Christian Heidel ist seit 2016 Sportvorstand bei Schalke 04
Christian Heidel ist seit 2016 Sportvorstand bei Schalke 04 © Getty Images

Christian Heidel empfindet den Transferpoker um Schalke-Star Leon Goretzka als amüsant. Gegen Erzrivale Borussia Dortmund verteilt der Sportvorstand eine kleine Spitze.

Christian Heidel kann sich nicht vorstellen, dass Leon Goretzkas Zukunft beim Saisonstart noch offen ist.

"Ich glaube, dass die Entscheidung erst einmal dahingehend fällt, ob Leon seinen Vertrag auf Schalke vorzeitig verlängert oder er verkündet, den Verein nach Saisonende zu verlassen - Ziel offen", sagte der Schalker Sportvorstand dem kicker.

Verlängerung oder Abgang?

Goretzka hat bei den Königsblauen nur noch ein Jahr Vertrag, seit Monaten wird über einen Abgang spekuliert.

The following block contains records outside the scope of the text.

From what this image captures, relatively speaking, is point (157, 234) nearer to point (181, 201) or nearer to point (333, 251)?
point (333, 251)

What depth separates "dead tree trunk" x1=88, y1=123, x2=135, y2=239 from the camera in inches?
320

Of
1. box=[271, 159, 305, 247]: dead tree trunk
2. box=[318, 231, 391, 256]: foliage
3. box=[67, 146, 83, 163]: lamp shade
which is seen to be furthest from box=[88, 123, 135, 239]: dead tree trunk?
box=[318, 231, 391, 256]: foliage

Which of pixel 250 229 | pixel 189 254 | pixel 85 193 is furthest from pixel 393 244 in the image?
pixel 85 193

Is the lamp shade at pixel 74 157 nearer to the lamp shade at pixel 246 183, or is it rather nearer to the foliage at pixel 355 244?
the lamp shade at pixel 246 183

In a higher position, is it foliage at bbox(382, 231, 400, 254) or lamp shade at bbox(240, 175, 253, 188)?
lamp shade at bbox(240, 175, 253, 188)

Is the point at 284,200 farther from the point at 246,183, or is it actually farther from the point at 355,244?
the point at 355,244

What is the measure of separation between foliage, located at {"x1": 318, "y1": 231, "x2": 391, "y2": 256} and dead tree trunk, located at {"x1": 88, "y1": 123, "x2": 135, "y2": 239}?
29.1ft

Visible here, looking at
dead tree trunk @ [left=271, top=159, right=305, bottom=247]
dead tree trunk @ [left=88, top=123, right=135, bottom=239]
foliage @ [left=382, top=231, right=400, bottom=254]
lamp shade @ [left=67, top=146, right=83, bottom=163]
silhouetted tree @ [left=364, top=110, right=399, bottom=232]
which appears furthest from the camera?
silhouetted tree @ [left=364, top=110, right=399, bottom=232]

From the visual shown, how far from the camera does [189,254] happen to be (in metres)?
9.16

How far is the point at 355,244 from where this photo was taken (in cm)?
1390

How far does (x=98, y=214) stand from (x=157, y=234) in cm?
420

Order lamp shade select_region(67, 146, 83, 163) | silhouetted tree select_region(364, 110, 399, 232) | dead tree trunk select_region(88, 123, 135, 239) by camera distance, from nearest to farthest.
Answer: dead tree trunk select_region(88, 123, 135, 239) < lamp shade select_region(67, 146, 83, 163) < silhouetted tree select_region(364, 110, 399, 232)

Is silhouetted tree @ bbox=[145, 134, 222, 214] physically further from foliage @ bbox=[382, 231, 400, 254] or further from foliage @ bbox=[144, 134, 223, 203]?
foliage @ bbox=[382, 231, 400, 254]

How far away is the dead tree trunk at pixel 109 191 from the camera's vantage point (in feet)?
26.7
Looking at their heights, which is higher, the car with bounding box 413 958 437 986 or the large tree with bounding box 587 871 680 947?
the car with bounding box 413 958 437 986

"Ich habe nie Tendenzen oder Prognosen abgegeben, weil ich nicht für Leon sprechen kann. Mir haben Leute schon erzählt, dass er sich längst einig mit Bayern München sei, am nächsten Tag kommt jemand zu mir und sagt, er wisse definitiv, dass Leon unser Angebot zur Vertragsverlängerung angenommen hat", meinte Heidel. "Das ist schon teilweise amüsant, was da immer so erzählt und spekuliert wird."

Spitze gegen BVB

Mit RB Leipzig wartet auf Schalke zum Bundesligastart ein schwerer Gegner - der Heidel zu einer kleinen Spitze Richtung Erzrivale Borussia Dortmund bewegt.

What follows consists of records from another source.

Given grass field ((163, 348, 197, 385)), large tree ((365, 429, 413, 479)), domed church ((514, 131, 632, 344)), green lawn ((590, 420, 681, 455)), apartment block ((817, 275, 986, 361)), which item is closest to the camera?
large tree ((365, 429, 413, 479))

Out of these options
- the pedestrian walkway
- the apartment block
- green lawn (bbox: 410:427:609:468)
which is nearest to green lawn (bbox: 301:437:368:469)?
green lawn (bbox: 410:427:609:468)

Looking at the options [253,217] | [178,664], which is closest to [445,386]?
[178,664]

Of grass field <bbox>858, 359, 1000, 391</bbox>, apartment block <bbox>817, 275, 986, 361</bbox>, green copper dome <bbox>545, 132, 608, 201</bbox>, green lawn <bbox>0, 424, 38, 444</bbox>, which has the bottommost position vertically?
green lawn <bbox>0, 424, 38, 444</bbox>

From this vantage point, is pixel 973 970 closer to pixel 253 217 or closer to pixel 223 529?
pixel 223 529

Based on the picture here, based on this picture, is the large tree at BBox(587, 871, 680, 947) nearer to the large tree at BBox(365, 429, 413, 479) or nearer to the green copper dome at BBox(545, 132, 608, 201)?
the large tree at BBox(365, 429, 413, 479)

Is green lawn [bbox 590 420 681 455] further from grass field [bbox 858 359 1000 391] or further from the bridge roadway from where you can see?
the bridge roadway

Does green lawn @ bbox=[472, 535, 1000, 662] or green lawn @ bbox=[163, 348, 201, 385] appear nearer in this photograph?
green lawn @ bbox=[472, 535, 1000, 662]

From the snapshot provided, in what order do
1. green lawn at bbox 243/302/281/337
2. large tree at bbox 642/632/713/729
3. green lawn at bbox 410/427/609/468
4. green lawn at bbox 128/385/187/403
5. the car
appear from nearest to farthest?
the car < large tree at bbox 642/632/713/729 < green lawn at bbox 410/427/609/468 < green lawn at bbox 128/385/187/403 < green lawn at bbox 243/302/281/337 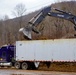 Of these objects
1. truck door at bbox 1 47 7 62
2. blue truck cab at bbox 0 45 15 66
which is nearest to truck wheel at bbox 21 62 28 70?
blue truck cab at bbox 0 45 15 66

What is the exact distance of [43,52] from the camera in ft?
113

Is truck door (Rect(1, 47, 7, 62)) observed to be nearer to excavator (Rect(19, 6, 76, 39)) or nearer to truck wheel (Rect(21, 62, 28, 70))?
truck wheel (Rect(21, 62, 28, 70))

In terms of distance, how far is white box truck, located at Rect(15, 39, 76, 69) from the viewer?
1278 inches

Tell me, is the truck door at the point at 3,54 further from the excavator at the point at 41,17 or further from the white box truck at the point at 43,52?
the excavator at the point at 41,17

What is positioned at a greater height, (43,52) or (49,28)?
(49,28)

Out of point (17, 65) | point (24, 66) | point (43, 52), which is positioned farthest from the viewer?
point (17, 65)

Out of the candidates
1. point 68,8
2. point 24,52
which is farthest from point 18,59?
point 68,8

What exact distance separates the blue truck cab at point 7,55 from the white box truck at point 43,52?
249 cm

"Leipzig ist der zweistärkste Gegner, den wir zum Start bekommen konnten", sagte der 54-Jährige und betonte auf Nachfrage zum BVB: "Nicht, wenn man die Tabelle der vergangenen Saison zugrunde legt. Ich sehe Leipzig und Dortmund schon ziemlich auf einem Level."

Leipzig schloss die vergangene Saison auf Platz zwei ab, Dortmund wurde Dritter.

Transfermarkt "völlig explodiert"

Den Anstieg der Preise auf dem Transfermarkt kritisiert Heidel. "Völlig explodiert" sei der Mercato, sagte er und nannte als Beispiel die Ablöse von acht Millionen Euro für Knappen-Neuzugang Amine Harit (20).

"In unserer Branche ist so eine Summe leider Gottes inzwischen ein kleiner Betrag. Zudem muss man beachten: Ein Harit, der in seiner ersten Saison 15 Tore geschossen hätte, kostet heutzutage 50 Millionen Euro", führte Heidel aus. Der französische Angreifer Harit hatte in der abgelaufenen Saison für Ligue-1-Klub FC Nantes in 30 Spielen ein Tor erzielt.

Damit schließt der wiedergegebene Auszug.